Thank you for your valuable feedback, which significantly improved the quality of this work. Below, we will address your comments and questions,

  1. OpenMPI releases.
    Thank you for pointing this out. As you mentioned, OpenMPI is a popular implementation. We have now added the prebuilt versions of the library with OpenMPI in addition to MPICH. This required a complete revision of the naming convention used in the library across all languages and documentations. The new naming convention automatically suffixes,

    1. any MPICH build of the library with _mpich,
    2. any OpenMPI build of the library with _openmpi,
    3. any Intel MPI build of the library with _impi,
      A complete description of the naming convention used in the library is provided in the library's documentation.
  2. Build failure.
    Thank you for pointing this out. This apparently happens on systems where either the MPI library or the GNU compilers are already installed and meet the minimum version requirements of ParaMonte. As such, the build scripts would not feel the need to create a custom setup.sh to set up the environmental variables. However, it would require the setup file's existence, which would subsequently interrupt the build by throwing an exception.

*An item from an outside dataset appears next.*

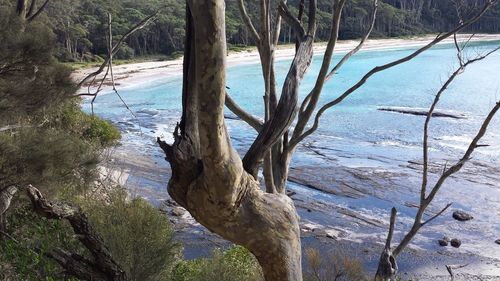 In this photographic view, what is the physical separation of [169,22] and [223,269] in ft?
103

    We believe this issue is now fixed in the latest release of the library.

  3. license and ACKNOWLEDGMENT.md.
    Thank you again for pointing this out. The existing ACKNOWLEDGMENT.md was a relic of the original license of the library. This is now fixed.

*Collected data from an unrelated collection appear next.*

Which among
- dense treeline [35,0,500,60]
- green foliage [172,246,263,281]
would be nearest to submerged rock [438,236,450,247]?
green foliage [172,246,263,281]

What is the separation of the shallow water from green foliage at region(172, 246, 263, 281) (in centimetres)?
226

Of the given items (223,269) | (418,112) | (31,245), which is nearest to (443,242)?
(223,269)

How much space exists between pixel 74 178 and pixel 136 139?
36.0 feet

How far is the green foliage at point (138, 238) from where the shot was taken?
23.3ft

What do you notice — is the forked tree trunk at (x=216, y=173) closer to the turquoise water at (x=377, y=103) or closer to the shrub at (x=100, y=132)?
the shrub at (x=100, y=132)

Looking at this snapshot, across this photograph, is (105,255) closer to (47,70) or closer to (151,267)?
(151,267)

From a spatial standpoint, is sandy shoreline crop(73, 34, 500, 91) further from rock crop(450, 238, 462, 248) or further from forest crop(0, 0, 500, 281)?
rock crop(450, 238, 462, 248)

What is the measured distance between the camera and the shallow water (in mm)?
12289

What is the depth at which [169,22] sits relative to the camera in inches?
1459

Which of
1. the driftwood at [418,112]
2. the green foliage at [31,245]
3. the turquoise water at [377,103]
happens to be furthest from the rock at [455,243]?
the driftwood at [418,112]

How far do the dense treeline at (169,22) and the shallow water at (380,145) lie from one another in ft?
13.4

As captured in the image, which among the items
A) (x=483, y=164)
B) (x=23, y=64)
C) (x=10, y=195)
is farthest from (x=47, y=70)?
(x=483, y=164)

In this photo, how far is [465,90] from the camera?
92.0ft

  4. points 1 and 3 by @williamfgc.
    Please see our responses to comments by @williamfgc.

VivianePons commented 3 years ago

Thank you very much, I am glad to see that the review process has been so successful and has improved the quality of the software :) I leave it to @williamfgc and @milancurcic to review your comments and the improvements that have been made

Happy new year to all of you and thank your for the provided work

shahmoradi commented 3 years ago

@milancurcic @williamfgc Thank you again for your constructive feedback so far. Just to make sure we have not missed any of your comments, are there any other outstanding issues needed to address here?

williamfgc commented 3 years ago

Dear @shahmoradi , thanks for the hard work on getting these points addressed. Would you kindly send an updated version of your manuscript? I'd like to wrap up the review as well.

shahmoradi commented 3 years ago

@williamfgc Thank you. My impression was that @whedon would automatically build the PDF from the Markdown file. Until then, I attach a PDF of the revised manuscript to this comment. The Markdown file on GitHub is also readable, although not as comfortable as the PDF.

VivianePons commented 3 years ago

@whedon generate pdf

whedon commented 3 years ago

:point_right::page_facing_up: Download article proof :page_facing_up: View article proof on GitHub :page_facing_up: :point_left:

williamfgc commented 3 years ago

@shahmoradi I just reviewed the revised manuscript and looks appropriate for JOSS. Thanks for addressing the changes and fixing the defect I filed above. Minor thing: Funding and Acknowledgment can be one single section on the paper. Looks good to me, the only one thing I still think could be added in the future is CI, but I'll leave it to @VivianePons as the editor and @milancurcic to decide on final publication. Thanks!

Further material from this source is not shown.